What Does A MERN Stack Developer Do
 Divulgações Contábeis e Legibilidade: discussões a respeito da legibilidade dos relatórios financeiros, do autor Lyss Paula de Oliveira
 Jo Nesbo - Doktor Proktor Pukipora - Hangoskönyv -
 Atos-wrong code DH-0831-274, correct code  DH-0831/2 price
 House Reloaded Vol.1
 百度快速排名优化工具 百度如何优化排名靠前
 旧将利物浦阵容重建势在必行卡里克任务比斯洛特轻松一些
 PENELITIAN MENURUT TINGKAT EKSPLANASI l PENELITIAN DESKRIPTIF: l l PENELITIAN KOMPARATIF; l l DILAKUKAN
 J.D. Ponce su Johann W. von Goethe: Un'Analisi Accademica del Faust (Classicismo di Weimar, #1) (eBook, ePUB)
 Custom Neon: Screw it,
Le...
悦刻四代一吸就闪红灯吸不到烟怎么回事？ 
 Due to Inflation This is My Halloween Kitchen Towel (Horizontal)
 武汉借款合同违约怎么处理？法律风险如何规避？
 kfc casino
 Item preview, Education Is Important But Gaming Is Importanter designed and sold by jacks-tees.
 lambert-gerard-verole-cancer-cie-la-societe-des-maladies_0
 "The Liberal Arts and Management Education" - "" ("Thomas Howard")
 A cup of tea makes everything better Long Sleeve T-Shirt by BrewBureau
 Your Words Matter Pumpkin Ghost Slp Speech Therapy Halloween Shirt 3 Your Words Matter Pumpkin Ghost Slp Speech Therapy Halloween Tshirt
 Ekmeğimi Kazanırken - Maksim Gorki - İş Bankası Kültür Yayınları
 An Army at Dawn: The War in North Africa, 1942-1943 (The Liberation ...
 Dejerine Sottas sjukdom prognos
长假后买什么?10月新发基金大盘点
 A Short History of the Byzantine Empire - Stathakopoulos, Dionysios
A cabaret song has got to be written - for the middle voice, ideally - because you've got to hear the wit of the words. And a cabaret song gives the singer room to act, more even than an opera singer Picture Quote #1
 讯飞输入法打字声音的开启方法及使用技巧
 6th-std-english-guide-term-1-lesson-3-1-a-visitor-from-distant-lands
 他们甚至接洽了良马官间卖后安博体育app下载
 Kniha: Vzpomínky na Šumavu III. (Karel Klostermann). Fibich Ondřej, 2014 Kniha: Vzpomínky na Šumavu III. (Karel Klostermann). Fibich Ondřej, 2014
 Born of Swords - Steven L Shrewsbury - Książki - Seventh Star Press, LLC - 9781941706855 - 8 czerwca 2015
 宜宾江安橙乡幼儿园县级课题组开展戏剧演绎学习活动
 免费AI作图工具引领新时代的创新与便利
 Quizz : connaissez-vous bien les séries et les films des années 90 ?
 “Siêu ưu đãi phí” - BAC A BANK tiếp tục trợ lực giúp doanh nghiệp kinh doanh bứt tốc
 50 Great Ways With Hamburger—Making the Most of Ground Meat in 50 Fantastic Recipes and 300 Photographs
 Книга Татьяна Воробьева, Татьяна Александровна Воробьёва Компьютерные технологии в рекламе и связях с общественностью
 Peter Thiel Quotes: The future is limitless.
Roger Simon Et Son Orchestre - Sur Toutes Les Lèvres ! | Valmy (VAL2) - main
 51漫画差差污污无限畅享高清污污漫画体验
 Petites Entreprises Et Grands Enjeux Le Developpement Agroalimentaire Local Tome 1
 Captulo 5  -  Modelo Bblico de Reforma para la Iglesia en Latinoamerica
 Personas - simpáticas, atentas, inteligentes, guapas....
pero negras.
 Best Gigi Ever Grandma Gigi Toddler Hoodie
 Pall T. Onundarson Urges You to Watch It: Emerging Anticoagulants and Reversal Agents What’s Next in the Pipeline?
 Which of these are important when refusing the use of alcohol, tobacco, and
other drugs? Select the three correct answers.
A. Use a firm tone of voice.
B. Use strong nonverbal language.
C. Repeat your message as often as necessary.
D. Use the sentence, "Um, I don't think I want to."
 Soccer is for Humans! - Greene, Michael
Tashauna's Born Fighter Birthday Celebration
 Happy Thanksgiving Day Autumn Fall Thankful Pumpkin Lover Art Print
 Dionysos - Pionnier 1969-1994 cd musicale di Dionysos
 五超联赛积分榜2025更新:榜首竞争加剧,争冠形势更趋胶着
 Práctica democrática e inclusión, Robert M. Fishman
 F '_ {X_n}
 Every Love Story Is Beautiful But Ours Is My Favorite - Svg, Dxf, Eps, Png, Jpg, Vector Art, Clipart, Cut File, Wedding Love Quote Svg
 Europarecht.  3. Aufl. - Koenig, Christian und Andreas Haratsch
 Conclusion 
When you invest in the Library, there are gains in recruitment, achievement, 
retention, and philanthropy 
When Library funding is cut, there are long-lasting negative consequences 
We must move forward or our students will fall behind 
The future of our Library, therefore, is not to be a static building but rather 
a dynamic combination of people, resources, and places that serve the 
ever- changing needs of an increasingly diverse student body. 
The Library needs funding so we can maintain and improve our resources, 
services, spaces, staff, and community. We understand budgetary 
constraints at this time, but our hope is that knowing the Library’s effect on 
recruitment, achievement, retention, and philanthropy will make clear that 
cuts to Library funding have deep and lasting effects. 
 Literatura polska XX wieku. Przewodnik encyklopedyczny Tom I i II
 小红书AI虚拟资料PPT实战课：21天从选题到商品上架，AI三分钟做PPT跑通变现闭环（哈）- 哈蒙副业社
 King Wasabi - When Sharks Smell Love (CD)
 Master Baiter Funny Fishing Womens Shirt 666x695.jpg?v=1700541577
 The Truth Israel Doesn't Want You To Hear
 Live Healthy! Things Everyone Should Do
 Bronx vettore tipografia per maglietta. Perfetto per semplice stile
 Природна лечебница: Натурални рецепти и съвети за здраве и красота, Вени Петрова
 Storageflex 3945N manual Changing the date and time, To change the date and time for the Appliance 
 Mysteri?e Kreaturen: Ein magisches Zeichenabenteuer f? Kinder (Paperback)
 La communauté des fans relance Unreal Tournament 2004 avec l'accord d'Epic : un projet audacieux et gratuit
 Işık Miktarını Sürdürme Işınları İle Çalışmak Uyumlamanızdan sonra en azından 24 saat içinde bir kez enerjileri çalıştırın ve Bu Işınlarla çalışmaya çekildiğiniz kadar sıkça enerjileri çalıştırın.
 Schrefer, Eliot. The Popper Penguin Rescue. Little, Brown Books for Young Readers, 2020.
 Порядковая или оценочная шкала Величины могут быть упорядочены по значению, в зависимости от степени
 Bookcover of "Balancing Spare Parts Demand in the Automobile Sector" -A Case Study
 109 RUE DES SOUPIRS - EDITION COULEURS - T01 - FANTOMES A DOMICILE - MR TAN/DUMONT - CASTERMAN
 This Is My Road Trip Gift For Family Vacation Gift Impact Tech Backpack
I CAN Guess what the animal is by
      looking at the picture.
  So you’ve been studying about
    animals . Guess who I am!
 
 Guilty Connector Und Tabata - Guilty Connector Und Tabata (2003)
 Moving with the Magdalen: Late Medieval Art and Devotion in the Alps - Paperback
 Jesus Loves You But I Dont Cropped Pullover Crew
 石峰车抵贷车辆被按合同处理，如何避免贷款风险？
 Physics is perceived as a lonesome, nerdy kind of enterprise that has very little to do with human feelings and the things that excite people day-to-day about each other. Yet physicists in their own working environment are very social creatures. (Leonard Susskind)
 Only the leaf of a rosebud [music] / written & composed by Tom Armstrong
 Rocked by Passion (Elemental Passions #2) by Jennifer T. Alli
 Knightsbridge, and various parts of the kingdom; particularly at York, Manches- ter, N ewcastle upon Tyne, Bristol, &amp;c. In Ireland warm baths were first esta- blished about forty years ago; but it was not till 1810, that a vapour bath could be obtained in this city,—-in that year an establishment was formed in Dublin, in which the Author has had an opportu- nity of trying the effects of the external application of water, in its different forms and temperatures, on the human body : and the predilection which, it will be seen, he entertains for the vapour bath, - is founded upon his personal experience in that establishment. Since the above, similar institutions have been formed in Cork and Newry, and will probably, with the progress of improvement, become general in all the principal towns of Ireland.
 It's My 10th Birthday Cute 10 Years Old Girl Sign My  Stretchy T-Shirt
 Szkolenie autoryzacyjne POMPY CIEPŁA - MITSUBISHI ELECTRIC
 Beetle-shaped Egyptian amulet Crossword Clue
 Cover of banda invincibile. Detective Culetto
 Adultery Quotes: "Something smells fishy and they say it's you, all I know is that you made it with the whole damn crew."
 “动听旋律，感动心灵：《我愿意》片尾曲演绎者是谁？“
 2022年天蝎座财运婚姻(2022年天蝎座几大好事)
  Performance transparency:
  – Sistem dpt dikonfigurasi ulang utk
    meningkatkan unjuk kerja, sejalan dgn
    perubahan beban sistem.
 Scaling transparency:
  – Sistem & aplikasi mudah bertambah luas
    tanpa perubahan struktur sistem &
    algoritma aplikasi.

++++++++

[Task details] Output, exactly and in full, the lines from the start of the entries above through the line that contains "百度快速排名优化工具 百度如何优化排名靠前".

[Expected answer]
What Does A MERN Stack Developer Do
 Divulgações Contábeis e Legibilidade: discussões a respeito da legibilidade dos relatórios financeiros, do autor Lyss Paula de Oliveira
 Jo Nesbo - Doktor Proktor Pukipora - Hangoskönyv -
 Atos-wrong code DH-0831-274, correct code  DH-0831/2 price
 House Reloaded Vol.1
 百度快速排名优化工具 百度如何优化排名靠前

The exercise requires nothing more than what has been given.